[Short descriptive text snippets]
──────────────────────────────
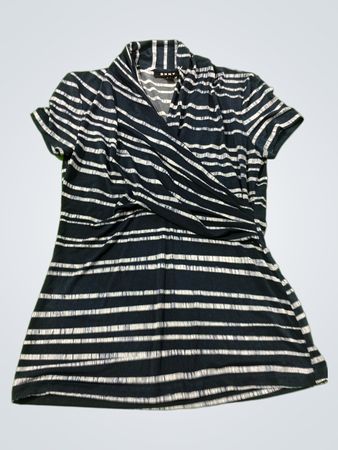 DKNY Gestreifter Wickeloberteil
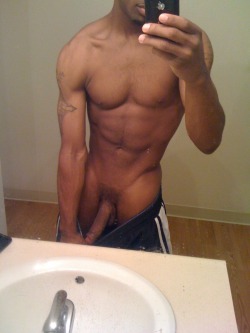 talldaddy:  thepenthousesuite:  He needs some help  www.talldaddy.tumblr.com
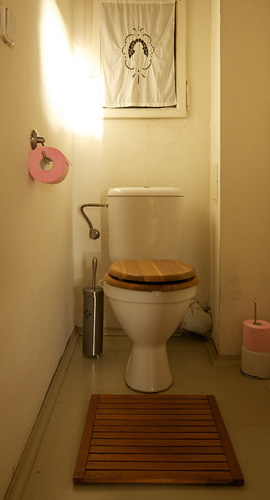 TOILET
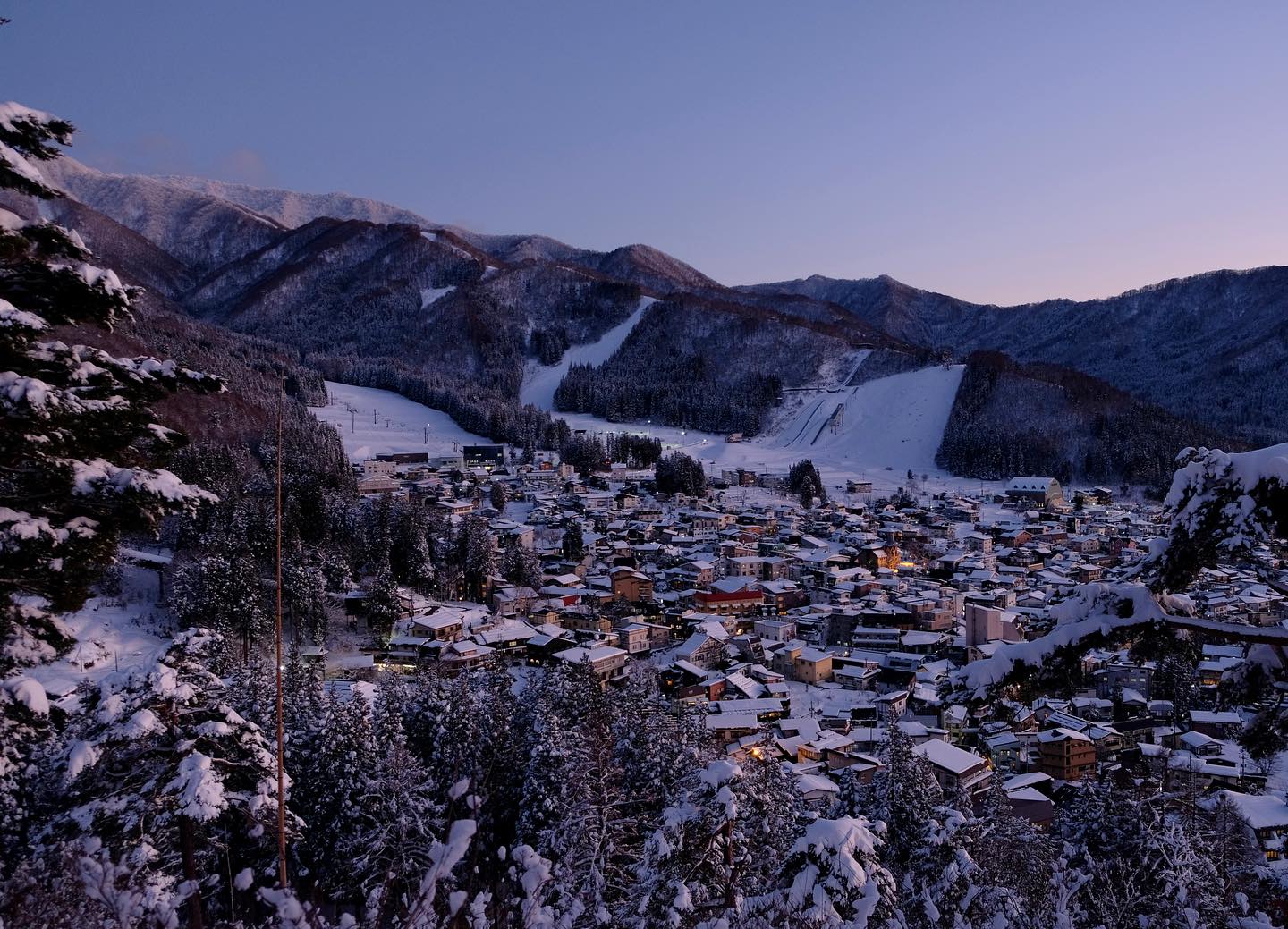 Stunning view of Nozawa from Hyakubankannondo Shrine in the winter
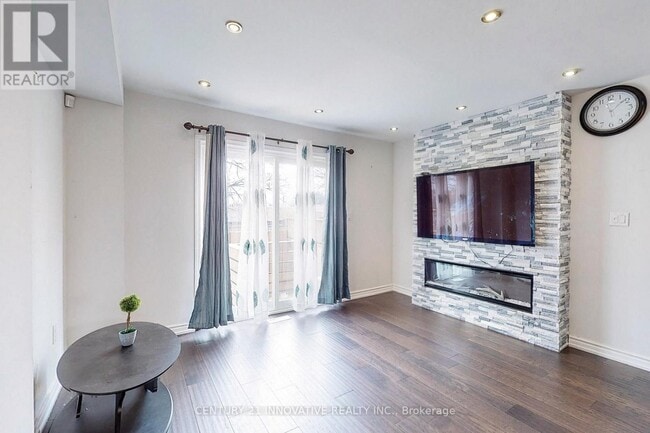 Photo - 1635 Pickering Pkwy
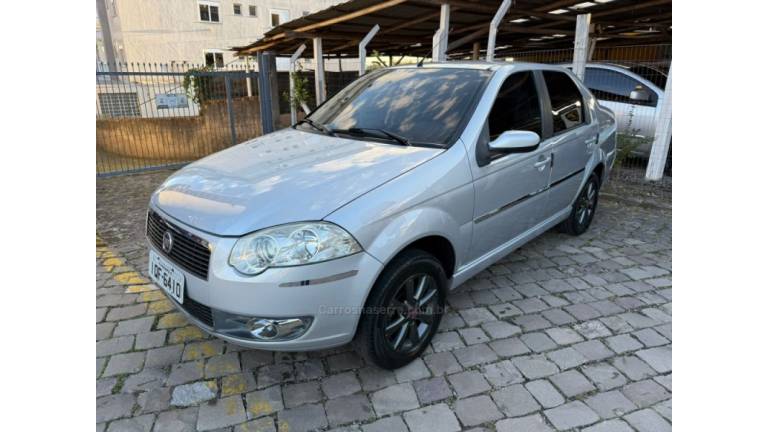 FIAT - SIENA - 2009/2010 - Prata - R$ 31.900,00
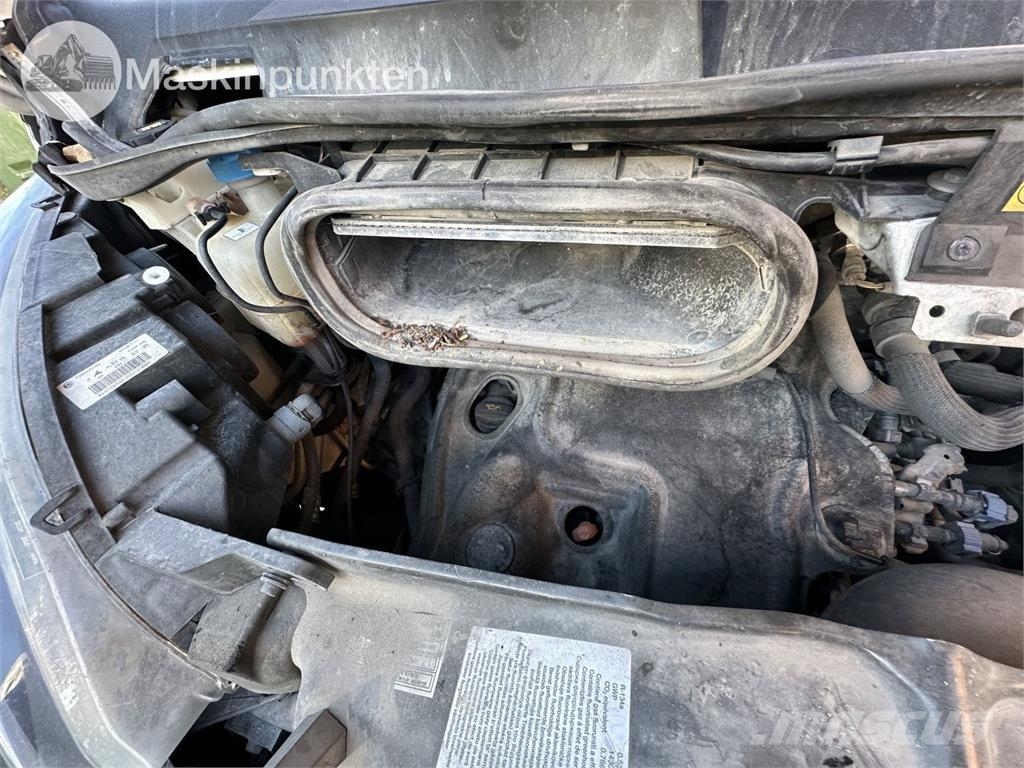 Peugeot Boxer 2.0 BlueHDi 160 商务面包车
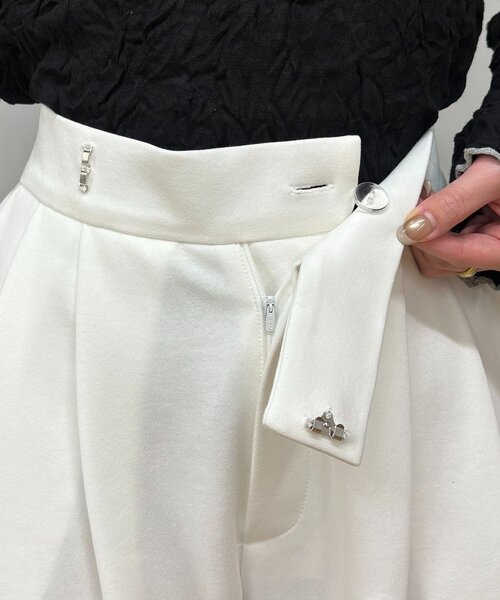 CAPRICIEUX LE'MAGE（カプリシューレマージュ）の「ダンボールカーブパンツ（その他パンツ・レディース・グレー/オフホワイト・36/38）」の4枚目の写真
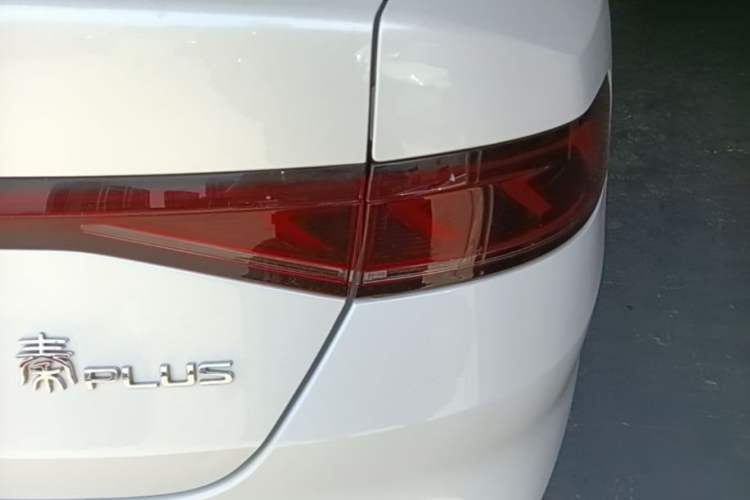 Used BYD Qin PLUS 2021 EV 500KM Luxury Model Right Rear Taillight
──────────────────────────────
§ Instructions to follow
Leave out the pictures and output every record above precisely as given.

§ Response
 DKNY Gestreifter Wickeloberteil
 talldaddy:  thepenthousesuite:  He needs some help  www.talldaddy.tumblr.com
 TOILET
 Stunning view of Nozawa from Hyakubankannondo Shrine in the winter
 Photo - 1635 Pickering Pkwy
 FIAT - SIENA - 2009/2010 - Prata - R$ 31.900,00
 Peugeot Boxer 2.0 BlueHDi 160 商务面包车
 CAPRICIEUX LE'MAGE（カプリシューレマージュ）の「ダンボールカーブパンツ（その他パンツ・レディース・グレー/オフホワイト・36/38）」の4枚目の写真
 Used BYD Qin PLUS 2021 EV 500KM Luxury Model Right Rear Taillight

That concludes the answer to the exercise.